(Try it) Give the listing again word for word, excluding the pictures it contains.

Data provided section start

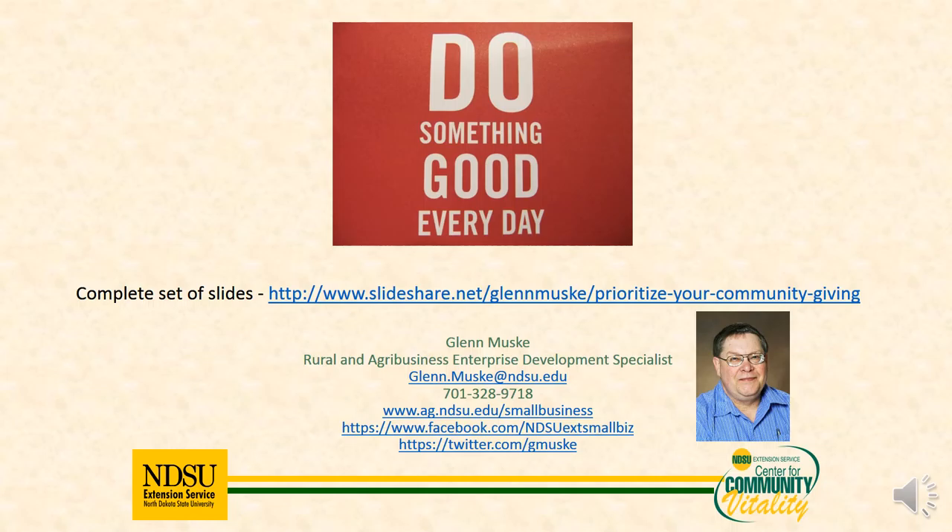With that, I just want to say, do something good every day. If you want a set of the complete slides, here's where you go to get those. And also, if you want to hear more about this and other topics about small businesses and helping you move forward and build your business, you can find them on my web page. You can also follow my Twitter or Facebook posts — I try to do those on a regular basis to help move you forward. Thanks a lot for tuning in, and we'll come back another time.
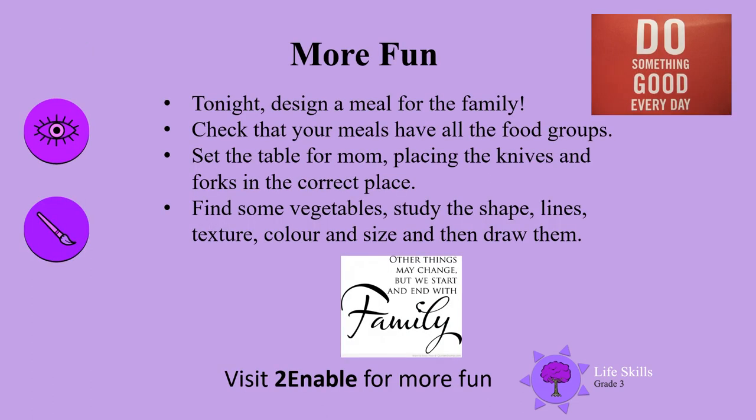More fun for you. How about tonight? Design a meal for the family. Check that all your meals have all the food groups. Set the table for mum, placing the knives and forks in the correct place. Find some vegetables — study the shape, lines, texture, color, and size — and then draw them.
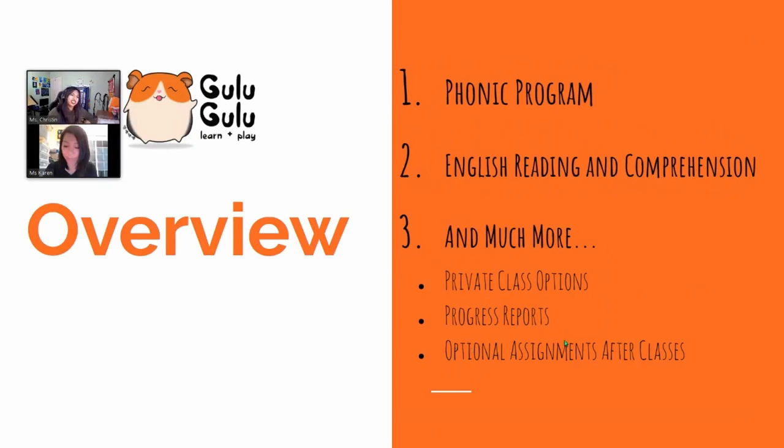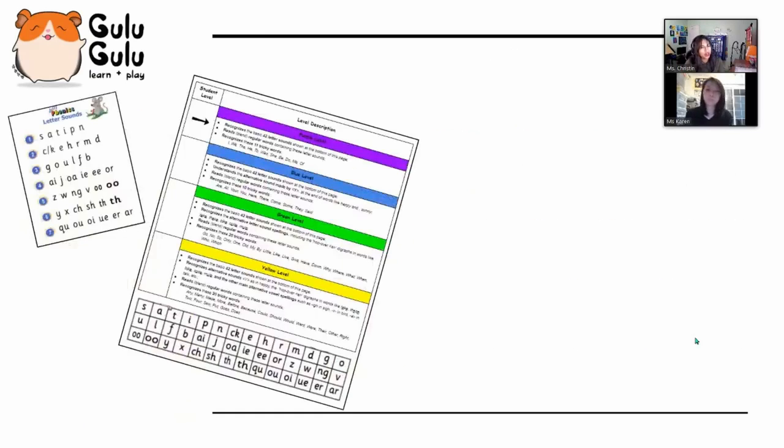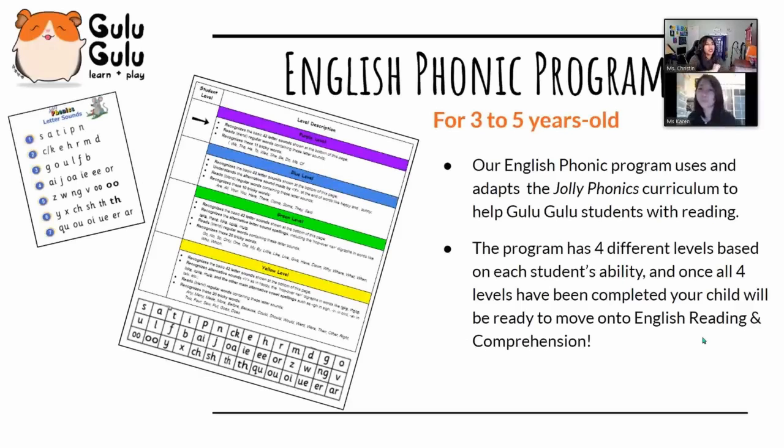Today we will be discussing our phonics programs — keep in mind it is two levels — and then our English reading and comprehension program. After that we'll cover our private class options, progress reports, how to get and receive these progress reports, and also our Level Two English phonics program.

Data provided section end

(Solution)
With that, I just want to say, do something good every day. If you want a set of the complete slides, here's where you go to get those. And also, if you want to hear more about this and other topics about small businesses and helping you move forward and build your business, you can find them on my web page. You can also follow my Twitter or Facebook posts — I try to do those on a regular basis to help move you forward. Thanks a lot for tuning in, and we'll come back another time.
More fun for you. How about tonight? Design a meal for the family. Check that all your meals have all the food groups. Set the table for mum, placing the knives and forks in the correct place. Find some vegetables — study the shape, lines, texture, color, and size — and then draw them.
Today we will be discussing our phonics programs — keep in mind it is two levels — and then our English reading and comprehension program. After that we'll cover our private class options, progress reports, how to get and receive these progress reports, and also our Level Two English phonics program.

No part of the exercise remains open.